Die Umstehenden sahen sich erst einmal befremdet an. Immer wieder fixierten sie die sonderbare Gestalt mit den langen, affenartigen Klauenhänden, die in an Grabschaufeln erinnernde Nägel ausliefen und fast den Erdboden berührten. Besonders die schmutziggrüne Haut wirkte in dieser exklusiven Gesellschaft etwas befremdlich.

Doch plötzlich verstanden alle. Dieses hier war eins der Geschöpfe, dass sie alle in gewissen Abständen immer mal bekämpfen mussten. Dieses Exemplar schien jedoch etwas Besonderes zu sein.

Das Kreuz wurde diskret in die Jacke zurück geschoben und das halb geöffnete Hemd mit der darunter hervor lugenden Silberscheibe wieder geschlossen. Man war heute ja zum Feiern hier und nicht dienstlich. Und die Probleme dieses Wesens waren für Leute vom Fach eigentlich ganz klar zu erkennen.

Augenblicke später war Jason Dark informiert. Der Mann, der Millionen in seinen Bann schlug, eilte sofort herbei und wollte wissen, wo das Problem liege.
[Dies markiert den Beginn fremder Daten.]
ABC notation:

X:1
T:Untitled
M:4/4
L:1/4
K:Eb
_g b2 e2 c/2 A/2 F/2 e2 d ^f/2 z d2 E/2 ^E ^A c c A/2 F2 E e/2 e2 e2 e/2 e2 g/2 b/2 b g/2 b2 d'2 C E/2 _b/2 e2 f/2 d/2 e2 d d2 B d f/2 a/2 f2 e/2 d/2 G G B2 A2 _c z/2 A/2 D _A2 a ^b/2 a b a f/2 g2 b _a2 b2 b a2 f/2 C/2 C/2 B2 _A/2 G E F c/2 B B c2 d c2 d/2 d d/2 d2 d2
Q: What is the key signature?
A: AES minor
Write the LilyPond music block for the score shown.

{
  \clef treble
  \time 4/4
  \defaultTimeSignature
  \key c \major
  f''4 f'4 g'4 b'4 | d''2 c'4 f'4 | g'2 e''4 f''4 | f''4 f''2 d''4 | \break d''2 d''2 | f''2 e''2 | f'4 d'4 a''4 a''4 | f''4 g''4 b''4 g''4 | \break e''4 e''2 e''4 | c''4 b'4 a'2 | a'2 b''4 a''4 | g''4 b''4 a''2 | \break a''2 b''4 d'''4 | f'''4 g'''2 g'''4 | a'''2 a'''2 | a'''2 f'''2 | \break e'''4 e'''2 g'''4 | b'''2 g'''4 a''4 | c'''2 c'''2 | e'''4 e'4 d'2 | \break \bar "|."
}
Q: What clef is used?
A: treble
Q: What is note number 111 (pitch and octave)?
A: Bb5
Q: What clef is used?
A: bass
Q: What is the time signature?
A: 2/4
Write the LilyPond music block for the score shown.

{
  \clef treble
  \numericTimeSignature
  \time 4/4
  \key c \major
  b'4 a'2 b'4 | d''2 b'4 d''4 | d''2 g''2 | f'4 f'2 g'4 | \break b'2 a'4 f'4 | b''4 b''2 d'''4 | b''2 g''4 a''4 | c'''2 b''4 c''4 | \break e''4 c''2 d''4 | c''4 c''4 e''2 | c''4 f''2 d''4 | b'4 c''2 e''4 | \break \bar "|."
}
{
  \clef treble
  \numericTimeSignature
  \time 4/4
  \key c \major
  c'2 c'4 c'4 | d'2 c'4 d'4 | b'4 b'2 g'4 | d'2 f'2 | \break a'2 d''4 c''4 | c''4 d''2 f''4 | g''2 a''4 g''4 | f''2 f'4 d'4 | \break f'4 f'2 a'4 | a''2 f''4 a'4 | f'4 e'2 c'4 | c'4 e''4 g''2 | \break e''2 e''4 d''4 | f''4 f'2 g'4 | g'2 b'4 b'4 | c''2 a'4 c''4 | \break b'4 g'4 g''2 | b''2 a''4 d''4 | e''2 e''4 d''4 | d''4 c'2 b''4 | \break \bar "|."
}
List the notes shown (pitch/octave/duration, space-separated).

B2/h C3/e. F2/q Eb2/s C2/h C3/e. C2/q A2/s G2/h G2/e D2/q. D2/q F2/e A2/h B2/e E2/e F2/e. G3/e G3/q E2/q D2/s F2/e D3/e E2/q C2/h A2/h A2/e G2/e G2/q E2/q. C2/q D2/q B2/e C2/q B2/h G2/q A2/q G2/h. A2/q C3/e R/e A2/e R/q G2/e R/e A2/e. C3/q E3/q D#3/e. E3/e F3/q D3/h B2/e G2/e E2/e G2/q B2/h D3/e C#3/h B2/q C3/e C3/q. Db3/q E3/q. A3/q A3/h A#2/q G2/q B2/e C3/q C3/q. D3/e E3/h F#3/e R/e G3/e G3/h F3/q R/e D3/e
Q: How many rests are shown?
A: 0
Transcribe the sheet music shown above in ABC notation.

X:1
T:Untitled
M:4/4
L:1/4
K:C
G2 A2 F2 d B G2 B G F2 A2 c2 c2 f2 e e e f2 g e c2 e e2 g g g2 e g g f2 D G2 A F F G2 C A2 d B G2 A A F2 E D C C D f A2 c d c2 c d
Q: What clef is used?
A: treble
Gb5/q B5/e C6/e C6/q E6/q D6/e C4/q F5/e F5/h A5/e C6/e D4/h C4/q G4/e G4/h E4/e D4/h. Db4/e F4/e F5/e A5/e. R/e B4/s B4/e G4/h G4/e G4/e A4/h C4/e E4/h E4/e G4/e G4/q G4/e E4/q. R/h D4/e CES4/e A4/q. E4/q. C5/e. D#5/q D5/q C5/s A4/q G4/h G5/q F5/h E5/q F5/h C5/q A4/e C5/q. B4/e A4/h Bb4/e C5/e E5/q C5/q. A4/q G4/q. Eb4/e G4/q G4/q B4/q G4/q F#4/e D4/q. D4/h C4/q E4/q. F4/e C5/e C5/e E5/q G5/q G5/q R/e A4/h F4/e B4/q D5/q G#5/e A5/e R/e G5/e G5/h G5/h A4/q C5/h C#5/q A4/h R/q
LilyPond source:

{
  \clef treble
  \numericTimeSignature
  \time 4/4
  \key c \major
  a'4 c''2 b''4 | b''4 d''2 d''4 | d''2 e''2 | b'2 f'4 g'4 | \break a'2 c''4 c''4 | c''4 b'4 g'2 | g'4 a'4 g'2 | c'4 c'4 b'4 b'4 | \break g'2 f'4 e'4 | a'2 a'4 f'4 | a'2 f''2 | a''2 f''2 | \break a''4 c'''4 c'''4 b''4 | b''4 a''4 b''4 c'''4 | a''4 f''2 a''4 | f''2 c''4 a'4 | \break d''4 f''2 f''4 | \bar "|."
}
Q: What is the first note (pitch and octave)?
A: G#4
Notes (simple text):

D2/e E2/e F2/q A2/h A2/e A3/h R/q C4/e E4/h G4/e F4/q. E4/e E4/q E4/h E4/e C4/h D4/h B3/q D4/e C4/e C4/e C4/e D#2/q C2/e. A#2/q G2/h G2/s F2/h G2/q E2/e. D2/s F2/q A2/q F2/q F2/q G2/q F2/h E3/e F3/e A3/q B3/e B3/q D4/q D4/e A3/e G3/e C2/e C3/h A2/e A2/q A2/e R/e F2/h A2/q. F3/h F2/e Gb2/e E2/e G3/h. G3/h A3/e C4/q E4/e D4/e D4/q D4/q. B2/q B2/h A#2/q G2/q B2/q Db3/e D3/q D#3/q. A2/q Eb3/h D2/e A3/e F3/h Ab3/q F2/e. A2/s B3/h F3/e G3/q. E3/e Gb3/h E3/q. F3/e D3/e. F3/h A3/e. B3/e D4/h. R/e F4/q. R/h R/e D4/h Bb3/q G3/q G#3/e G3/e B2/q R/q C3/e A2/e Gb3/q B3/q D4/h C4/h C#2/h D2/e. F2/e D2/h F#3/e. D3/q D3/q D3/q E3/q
Unartikulierte Krächzlaute und ein nur halb verständliches Gebrabbel klangen auf, als das Albtraumwesen seine Wünsche vorbrachte.

Der Gastgeber nickte verstehend. Einige rasche Befehle und drei der unheimlichen Diener verließen mit klappernden Knochen die Halle.

Kurze Zeit später eilten schattenhafte Gestalten mit Pickeln und Schaufeln zum nächsten Friedhof. Nasen schoben sich in den Wind, um Witterung aufzunehmen. Den Gestank des Todes. Leichenwind, der zwischen den Grabsteinen wehte.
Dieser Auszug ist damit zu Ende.